§ **Task to carry out**:
Beginning with the line containing "REGARDEZ. Beyoncé se" and going on through the line containing "Peugeot 3008 - 11", the lines below are to be returned exactly, pictures excluded and nothing added.

§ **Supplied material**:

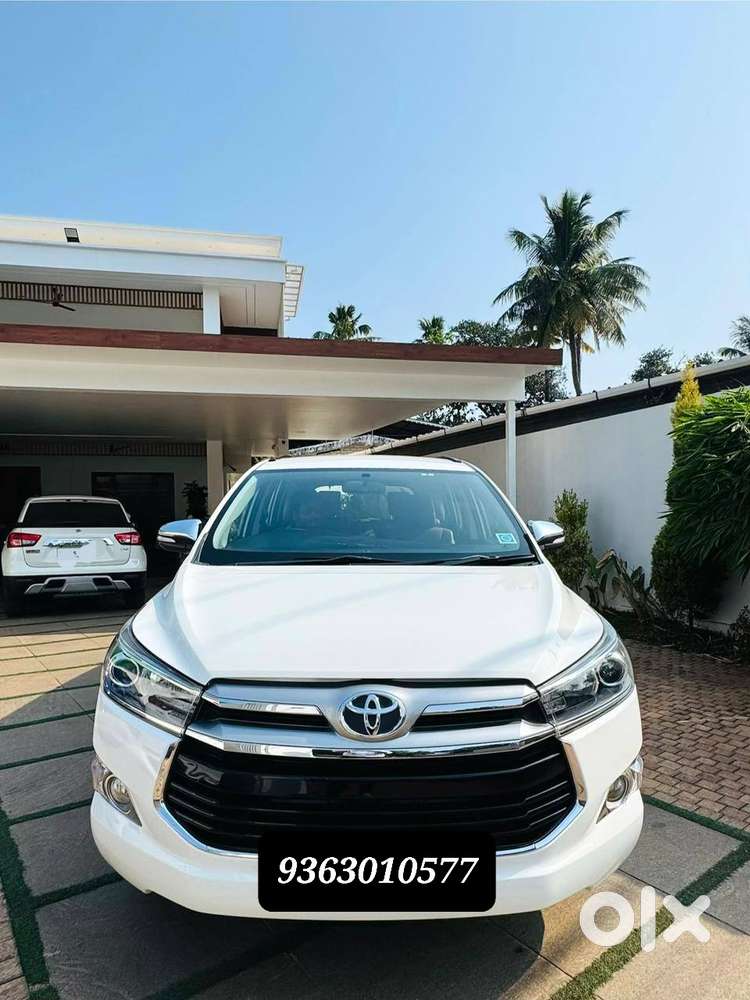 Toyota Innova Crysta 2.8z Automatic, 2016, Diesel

---

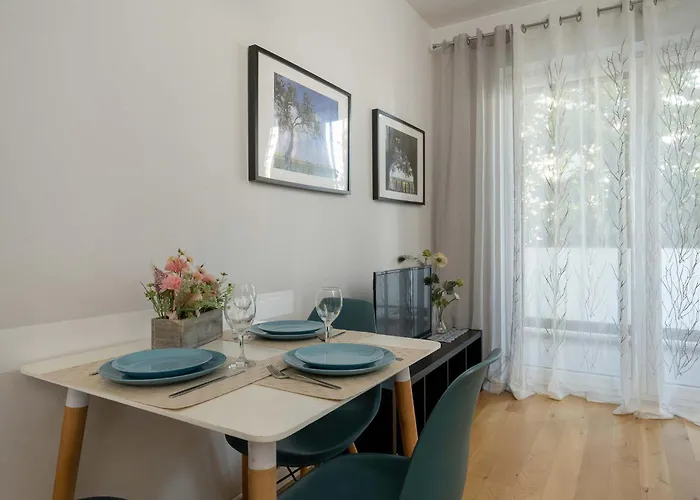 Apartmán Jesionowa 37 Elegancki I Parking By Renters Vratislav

* * *

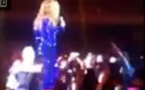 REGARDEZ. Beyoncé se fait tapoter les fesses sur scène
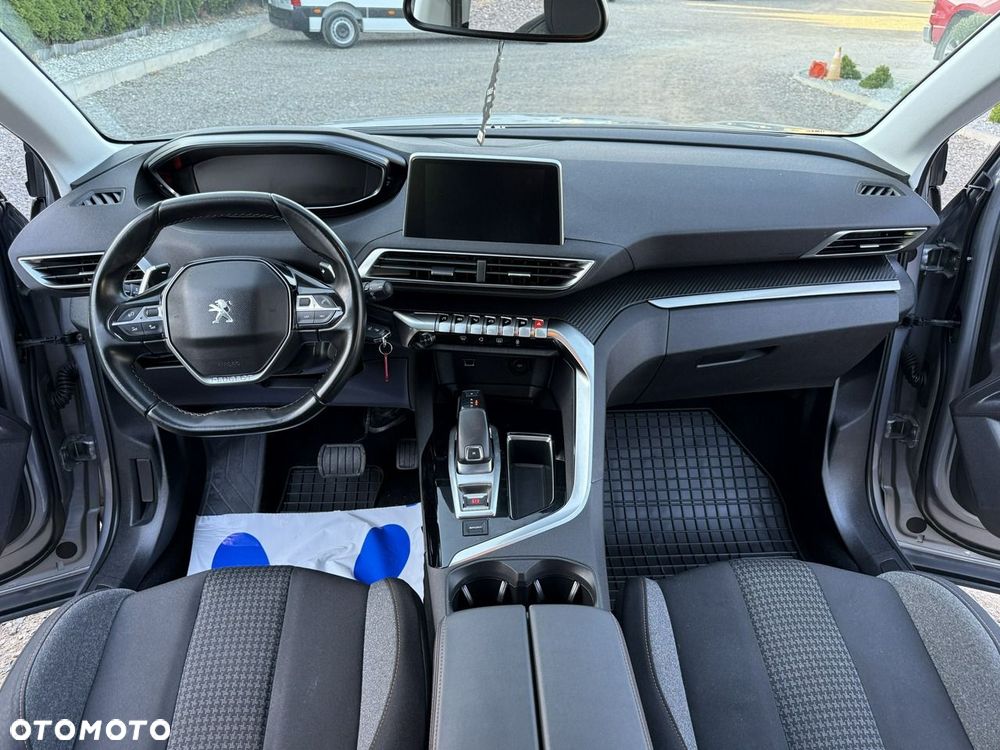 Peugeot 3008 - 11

§ **Answer for the task**:
 REGARDEZ. Beyoncé se fait tapoter les fesses sur scène
 Peugeot 3008 - 11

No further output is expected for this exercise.